_Aim of the task_
Until the line containing "Batterie de cuisson" has been reproduced, keep reproducing each line of the material below exactly, starting with the first.

_Exercise materials_
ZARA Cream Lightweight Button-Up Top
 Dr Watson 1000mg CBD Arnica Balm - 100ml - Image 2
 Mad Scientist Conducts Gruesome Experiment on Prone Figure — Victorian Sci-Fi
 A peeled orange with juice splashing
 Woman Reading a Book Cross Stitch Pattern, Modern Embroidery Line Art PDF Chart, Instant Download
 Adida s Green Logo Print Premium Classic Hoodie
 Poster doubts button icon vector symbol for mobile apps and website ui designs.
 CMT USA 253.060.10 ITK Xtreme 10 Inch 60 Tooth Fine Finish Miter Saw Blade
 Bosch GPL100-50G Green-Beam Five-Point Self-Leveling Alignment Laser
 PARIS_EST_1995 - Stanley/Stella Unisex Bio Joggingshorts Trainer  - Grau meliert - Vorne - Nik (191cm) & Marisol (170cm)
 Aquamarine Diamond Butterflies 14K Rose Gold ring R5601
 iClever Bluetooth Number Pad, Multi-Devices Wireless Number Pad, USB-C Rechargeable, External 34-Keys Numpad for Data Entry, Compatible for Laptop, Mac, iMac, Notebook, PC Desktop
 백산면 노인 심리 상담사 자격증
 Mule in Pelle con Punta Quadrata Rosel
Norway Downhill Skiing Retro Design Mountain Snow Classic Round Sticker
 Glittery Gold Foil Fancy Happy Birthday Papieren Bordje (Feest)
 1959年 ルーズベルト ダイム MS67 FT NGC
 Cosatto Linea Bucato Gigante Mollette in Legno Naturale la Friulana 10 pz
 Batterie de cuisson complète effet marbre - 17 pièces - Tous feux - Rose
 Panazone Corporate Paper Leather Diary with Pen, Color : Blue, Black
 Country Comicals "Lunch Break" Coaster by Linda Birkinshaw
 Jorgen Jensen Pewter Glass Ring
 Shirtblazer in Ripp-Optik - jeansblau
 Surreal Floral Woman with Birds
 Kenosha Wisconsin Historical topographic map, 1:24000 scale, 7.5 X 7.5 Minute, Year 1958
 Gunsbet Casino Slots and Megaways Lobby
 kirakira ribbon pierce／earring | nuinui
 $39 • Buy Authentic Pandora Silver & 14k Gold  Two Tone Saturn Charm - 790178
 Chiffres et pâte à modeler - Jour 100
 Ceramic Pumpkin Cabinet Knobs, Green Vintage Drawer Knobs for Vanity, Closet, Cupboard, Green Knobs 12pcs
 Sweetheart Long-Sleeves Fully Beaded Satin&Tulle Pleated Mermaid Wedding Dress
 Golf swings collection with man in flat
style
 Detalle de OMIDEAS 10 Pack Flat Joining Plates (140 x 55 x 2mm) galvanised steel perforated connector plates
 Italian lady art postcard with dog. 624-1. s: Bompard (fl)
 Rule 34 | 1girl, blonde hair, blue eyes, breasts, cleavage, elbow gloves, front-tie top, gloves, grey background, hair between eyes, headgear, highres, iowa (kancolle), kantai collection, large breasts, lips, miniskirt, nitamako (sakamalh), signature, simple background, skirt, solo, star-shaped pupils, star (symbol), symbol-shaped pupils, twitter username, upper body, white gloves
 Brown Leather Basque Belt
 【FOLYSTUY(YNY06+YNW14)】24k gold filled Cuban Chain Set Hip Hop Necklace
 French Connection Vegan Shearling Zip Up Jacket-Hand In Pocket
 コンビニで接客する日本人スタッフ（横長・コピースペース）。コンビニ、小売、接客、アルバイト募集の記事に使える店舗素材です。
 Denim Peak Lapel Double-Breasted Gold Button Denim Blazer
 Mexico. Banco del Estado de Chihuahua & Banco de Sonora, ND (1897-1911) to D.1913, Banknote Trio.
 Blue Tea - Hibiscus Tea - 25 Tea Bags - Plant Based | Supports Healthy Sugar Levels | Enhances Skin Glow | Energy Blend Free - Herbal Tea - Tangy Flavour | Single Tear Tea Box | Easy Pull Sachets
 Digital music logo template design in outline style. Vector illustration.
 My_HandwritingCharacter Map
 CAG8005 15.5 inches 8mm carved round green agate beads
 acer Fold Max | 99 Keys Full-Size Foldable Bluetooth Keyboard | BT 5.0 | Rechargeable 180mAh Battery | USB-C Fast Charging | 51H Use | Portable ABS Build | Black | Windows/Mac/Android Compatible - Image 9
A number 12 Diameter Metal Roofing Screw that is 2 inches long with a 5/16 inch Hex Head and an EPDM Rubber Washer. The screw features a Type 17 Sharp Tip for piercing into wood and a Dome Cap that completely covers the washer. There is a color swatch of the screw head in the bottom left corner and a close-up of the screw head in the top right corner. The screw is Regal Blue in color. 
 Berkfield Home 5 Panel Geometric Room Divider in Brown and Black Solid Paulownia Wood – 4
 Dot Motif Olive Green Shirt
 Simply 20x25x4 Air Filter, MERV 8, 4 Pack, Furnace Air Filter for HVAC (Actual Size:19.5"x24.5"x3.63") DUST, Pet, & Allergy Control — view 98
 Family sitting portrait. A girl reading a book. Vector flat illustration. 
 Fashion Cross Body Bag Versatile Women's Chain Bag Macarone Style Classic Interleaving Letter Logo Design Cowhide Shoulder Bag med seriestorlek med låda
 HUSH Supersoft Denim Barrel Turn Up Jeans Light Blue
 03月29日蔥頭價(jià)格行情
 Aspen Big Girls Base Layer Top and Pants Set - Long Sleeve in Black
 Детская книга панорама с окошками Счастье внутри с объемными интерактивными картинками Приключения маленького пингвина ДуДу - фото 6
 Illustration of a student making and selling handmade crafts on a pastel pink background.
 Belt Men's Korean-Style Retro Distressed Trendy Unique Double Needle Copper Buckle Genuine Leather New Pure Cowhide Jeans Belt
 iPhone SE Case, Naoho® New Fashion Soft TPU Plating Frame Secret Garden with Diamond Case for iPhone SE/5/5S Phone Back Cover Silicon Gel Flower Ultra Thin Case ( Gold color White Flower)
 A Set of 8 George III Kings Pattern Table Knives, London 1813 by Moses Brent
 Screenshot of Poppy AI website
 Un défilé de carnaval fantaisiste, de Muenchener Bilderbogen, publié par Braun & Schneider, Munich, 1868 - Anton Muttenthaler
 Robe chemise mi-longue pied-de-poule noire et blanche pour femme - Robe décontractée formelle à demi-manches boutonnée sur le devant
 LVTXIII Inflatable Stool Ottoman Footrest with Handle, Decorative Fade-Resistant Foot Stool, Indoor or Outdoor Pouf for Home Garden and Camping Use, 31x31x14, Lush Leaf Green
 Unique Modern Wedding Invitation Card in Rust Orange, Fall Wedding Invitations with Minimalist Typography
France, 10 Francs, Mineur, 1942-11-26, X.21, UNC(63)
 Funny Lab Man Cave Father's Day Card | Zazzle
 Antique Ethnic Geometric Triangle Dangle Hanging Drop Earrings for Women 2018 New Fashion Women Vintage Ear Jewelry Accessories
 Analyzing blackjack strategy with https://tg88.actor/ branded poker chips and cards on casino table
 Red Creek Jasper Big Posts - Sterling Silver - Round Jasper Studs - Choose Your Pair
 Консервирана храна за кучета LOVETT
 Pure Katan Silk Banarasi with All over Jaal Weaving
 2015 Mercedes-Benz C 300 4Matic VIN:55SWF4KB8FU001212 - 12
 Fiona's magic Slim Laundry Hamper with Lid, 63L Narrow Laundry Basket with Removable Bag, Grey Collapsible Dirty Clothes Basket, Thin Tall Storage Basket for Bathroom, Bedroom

_Solution_
ZARA Cream Lightweight Button-Up Top
 Dr Watson 1000mg CBD Arnica Balm - 100ml - Image 2
 Mad Scientist Conducts Gruesome Experiment on Prone Figure — Victorian Sci-Fi
 A peeled orange with juice splashing
 Woman Reading a Book Cross Stitch Pattern, Modern Embroidery Line Art PDF Chart, Instant Download
 Adida s Green Logo Print Premium Classic Hoodie
 Poster doubts button icon vector symbol for mobile apps and website ui designs.
 CMT USA 253.060.10 ITK Xtreme 10 Inch 60 Tooth Fine Finish Miter Saw Blade
 Bosch GPL100-50G Green-Beam Five-Point Self-Leveling Alignment Laser
 PARIS_EST_1995 - Stanley/Stella Unisex Bio Joggingshorts Trainer  - Grau meliert - Vorne - Nik (191cm) & Marisol (170cm)
 Aquamarine Diamond Butterflies 14K Rose Gold ring R5601
 iClever Bluetooth Number Pad, Multi-Devices Wireless Number Pad, USB-C Rechargeable, External 34-Keys Numpad for Data Entry, Compatible for Laptop, Mac, iMac, Notebook, PC Desktop
 백산면 노인 심리 상담사 자격증
 Mule in Pelle con Punta Quadrata Rosel
Norway Downhill Skiing Retro Design Mountain Snow Classic Round Sticker
 Glittery Gold Foil Fancy Happy Birthday Papieren Bordje (Feest)
 1959年 ルーズベルト ダイム MS67 FT NGC
 Cosatto Linea Bucato Gigante Mollette in Legno Naturale la Friulana 10 pz
 Batterie de cuisson complète effet marbre - 17 pièces - Tous feux - Rose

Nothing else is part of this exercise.